GEN 42 {21} Then they said to one another, “We are truly guilty concerning our brother, for we saw the anguish of his soul when he pleaded with us, and we would not hear; therefore this distress has come upon us.” {22} And Reuben answered them, saying, “Did I not speak to you, saying, ‘Do not sin against the boy’; and you would not listen? Therefore behold, his blood is now required of us.” {23} But they did not know that Joseph understood them, for he spoke to them through an interpreter. {24} And he turned himself away from them and wept. Then he returned to them again, and talked with them. And he took Simeon from them and bound him before their eyes. {25} Then Joseph gave a command to fill their sacks with grain, to restore every man’s money to his sack, and to give them provisions for the journey. Thus he did for them. {26} So they loaded their donkeys with the grain and departed from there. {27} But as one of them opened his sack to give his donkey feed at the encampment, he saw his money; and there it was, in the mouth of his sack. {28} So he said to his brothers, “My money has been restored, and there it is, in my sack!” Then their hearts failed them and they were afraid, saying to one another, “What is this that God has done to us?” {29} Then they went to Jacob their father in the land of Canaan and told him all that had happened to them, saying: {30} “The man who is lord of the land spoke roughly to us, and took us for spies of the country. {31} “But we said to him, ‘We are honest men; we are not spies. {32} ‘We are twelve brothers, sons of our father; one is no more, and the youngest is with our father this day in the land of Canaan.’ {33} “Then the man, the lord of the country, said to us, ‘By this I will know that you are honest men: Leave one of your brothers here with me, take food for the famine of your households, and be gone. {34} ‘And bring your youngest brother to me; so I shall know that you are not spies, but that you are honest men. I will grant your brother to you, and you may trade in the land.’” {35} Then it happened as they emptied their sacks, that surprisingly each man’s bundle of money was in his sack; and when they and their father saw the bundles of money, they were afraid. {36} And Jacob their father said to them, “You have bereaved me: Joseph is no more, Simeon is no more, and you want to take Benjamin. All these things are against me.”

Second Lesson: TCR 226

1. The Word is not understandable without a body of teaching, because the Word’s literal meaning consists entirely of correspondences whose function is to allow spiritual and heavenly things to coexist in it and every word to be a container and a support for these spiritual and heavenly contents. Therefore in the literal meaning divine truths are rarely naked; instead they are clothed and are called apparent truths. There are many things in the literal meaning that are adapted to the grasp of simple people who do not lift their thoughts above the kind of things they see before their eyes. Some things seem like contradictions, although when the Word is viewed in its own spiritual light there is no contradiction. Furthermore, in some passages in the Prophets there are collections of names of people and places from which no meaning can be extracted. Since this is the nature of the Word’s literal meaning, it is clear that it cannot be understood without a body of teaching.

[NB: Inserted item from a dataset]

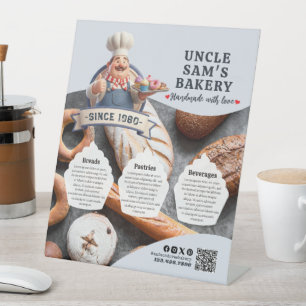 Bakery Store Pastry Chef Desserts Sweet Price List Pedestal Sign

[2] Examples may illustrate. We read that Jehovah relents (Exodus 32:12, 14; Jonah 3:9; 4:2); and we also read that Jehovah does not relent (Numbers 23:19; 1 Samuel 15:29). These passages cannot be reconciled without a body of teaching. We read that Jehovah inflicts parents’ sins on their children to the third and fourth generation (Numbers 14:18). Yet we also read that parents are not to die because of their children nor children because of their parents, but all die in their own sin (Deuteronomy 24:16). A body of teaching brings these passages out of disharmony into harmony.

[3] Jesus says, “Ask and it will be given to you; seek and you will find; if you keep knocking it will be opened” (Matthew 7:7, 8; 21:21, 22). Without a body of teaching, people might believe that we are all going to receive whatever we ask of anyone. On the basis of a body of teaching, however, we know that it is whatever we ask of the Lord that we will be given. The Lord in fact teaches this: “If you live in me and my Word’s live in you, ask for whatever you want and it will be done for you” (John 15:7).


Fight Evil Like David


A Sermon by the Rev. James P. Cooper

Toronto, September 9, 2012

We covered some of the basic story of David and Goliath in the children’s talk. Now, let’s go back over the story in more detail, but this time looking for those things in the story that will be helpful to our spiritual life.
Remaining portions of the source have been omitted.